Wpis z mikrobloga

Kilka słów sprostowania odnośnie nowego projektu o nazwie @Dollcel:
1. Chłopak jest uzależniony od masturbacji i robi to kilka - kilkanaście razy dziennie przy użyciu silikonowej lalki. Wymaga pomocy psychiatry, a nie klepania po pleckach.
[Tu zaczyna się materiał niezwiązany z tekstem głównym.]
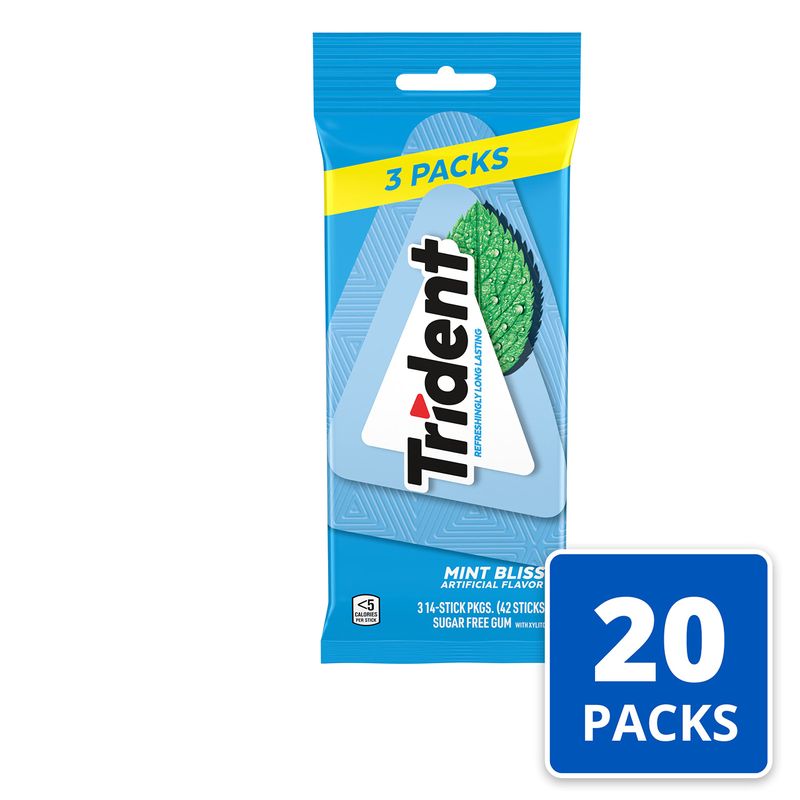 Trident Sugar Free Gum, Mint Bliss Flavor, 60 Packs (840 Pieces Total)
Równie dobrze mógłby rvchać swój samochód, a wy byście pisali słynny tekst debili "jak się kochają to chvj z nimi".
2. Masturbacja przy użyciu zabawek (flashlight, kubek z gąbką, kaloryfer, silikonowa lalka) nie ma nic wspólnego z seksem.
3. Problem chłopców z #przegryw to nie jest brak seksu, bo to można mieć już za 200 zł. Ich problemem jest brak akceptacji, pożądania przez kobietę, miłości, zrozumienia, przytulenia, bliskości, wspólnego spędzania czasu. Masturbacja przy użyciu lalki niczego tu nie zmienia.
4. Masturbacja nigdy nie zastąpi związku z kobietą choćby zabawki były doyebane jak ze startreka czy innego starwarsa.
5. Seks to tylko jeden z elementów związku z prawdziwą kobietą. Jak dorośniecie, popęd wam się unormuje i przestaniecie trzepać kapucyna co godzinę, czyli już tak około 27-29 roku życia to będziecie śmiać się sami z siebie jak bardzo głupi byliście kiedy myśleliście, że związek to niekończący się film porno.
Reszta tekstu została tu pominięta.